Desafios para combater o tráfico ilícito de bens culturais brasileiros

Enviada em 16/10/2024

No documentário “O Grande Roubo da Arte”, é revelado o comércio ilegal de artefatos históricos, onde redes criminosas internacionais furtam e traficam esses itens. Analogamente, o Brasil enfrenta sérios desafios para combater essa prática criminosa, que é um problema que ameaça diretamente a preservação da identidade nacional e do patrimônio histórico do país.
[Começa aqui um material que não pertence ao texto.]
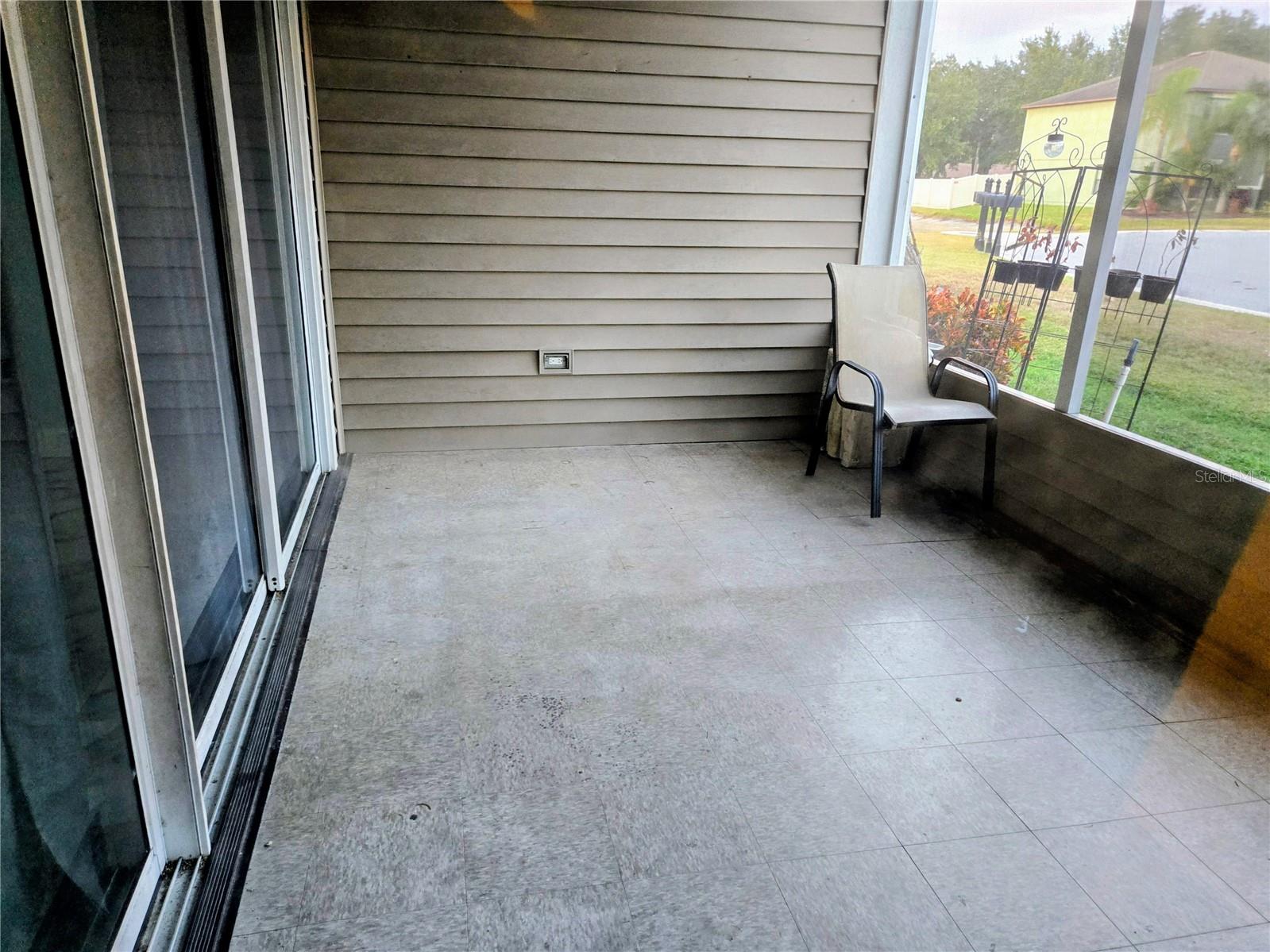 ST ANDREWS AT IMPERIALAKES CONDO - Residential Lease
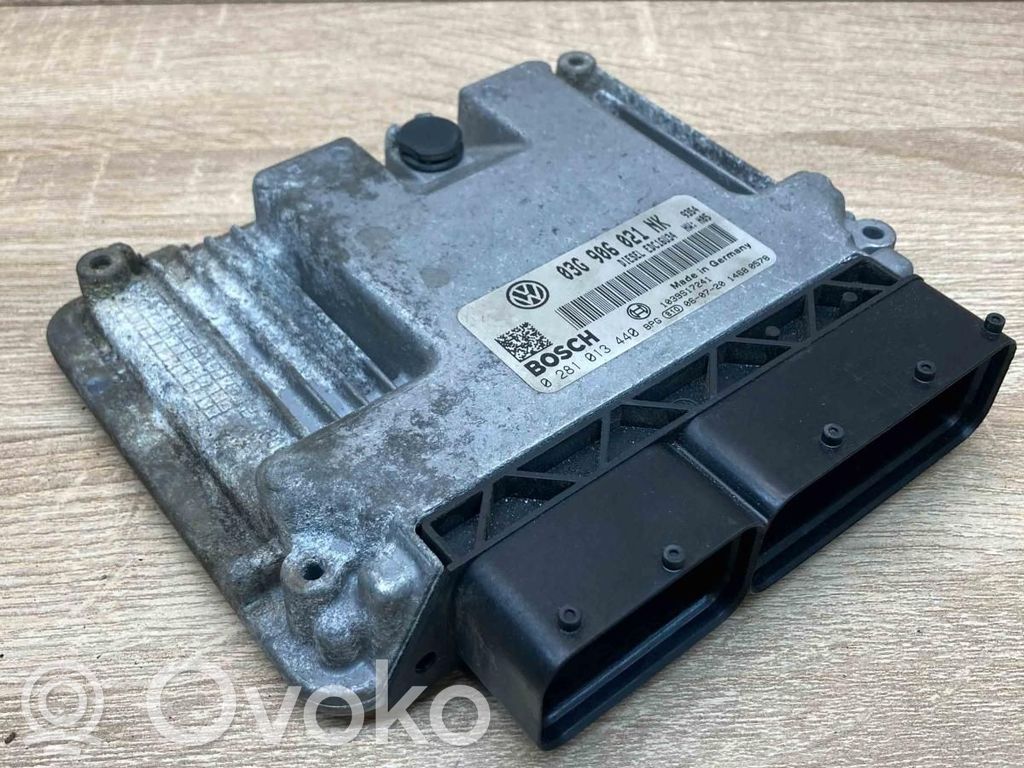 Volkswagen PASSAT B6 Engine control unit/module ECU 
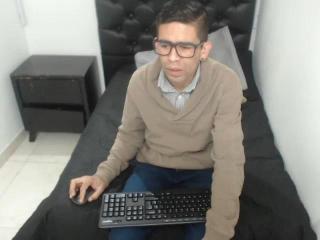 LatinJey - Live sexe cam - 10381859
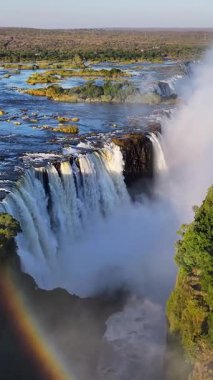 Kuzey Rodezya Zambiya 'daki Livingstone' da Victoria Şelalesi. Dev Şelaleler. Doğa manzarası. Kuzey Rodezya Zambiya 'da Livingstone. Zambezi Nehri. Seyahat Manzarası.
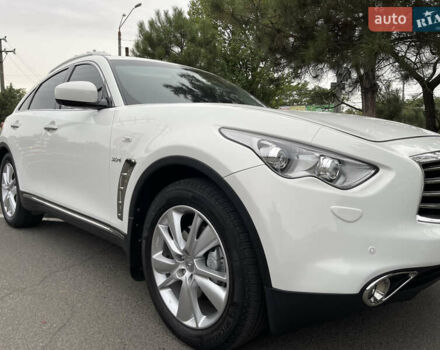 Белый Инфинити QX70, объемом двигателя 2.99 л и пробегом 128 тыс. км за 19800 $, фото 78 на Automoto.ua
Diante disso, cabe que o corpo social reflita sobre a negligência governamental e a falta de fiscalização.

Primeiramente, o descaso do Estado em relação ao tráfico de bens culturais é um fator crucial para o agravamento da situação. Segundo a Interpol, o Brasil está entre os países que mais exportam ilegalmente peças de valor histórico. Observa-se então, que o poder público não tem implementado políticas públicas eficazes para coibir esse tipo de crime, o que compromete a preservação do patrimônio cultural. Portanto, é urgente a implementação de medidas mais rigorosas e efetivas.

Ademais, a deficiência na fiscalização é um ponto que favorece esse cenário. Nesse contexto, o emblemático roubo de obras do Museu Chácara do Céu, no Rio de Janeiro, em 2006, ilustra essa problemática, com quadros de Picasso ainda não recuperados. Dessa forma, percebe-se que a ausência de um controle adequado em zonas de grande circulação internacional, como portos e aeroportos, facilita a saída dessas peças de valor inestimável sem rastreamento. Assim, se torna indispensável resolver essa lacuna.

Diante dos fatores supracitados, cabe adotar medidas para solucionar tal impasse. Para isso, o Governo, por meio do Instituto do Patrimônio Histórico e Artístico Nacional (IPHAN) -órgão responsável pela preservação e proteção do patrimônio cultural do Brasil- deve investir em campanhas educativas para conscientizar a população sobre o valor cultural desses bens, com o fito de promover a valorização e proteção dos mesmos. Além disso, é imperativo investir em tecnologias de monitoramento e na capacitação de agentes públicos. Somente assim será possível garantir que isso não ocorra mais em território brasileiro.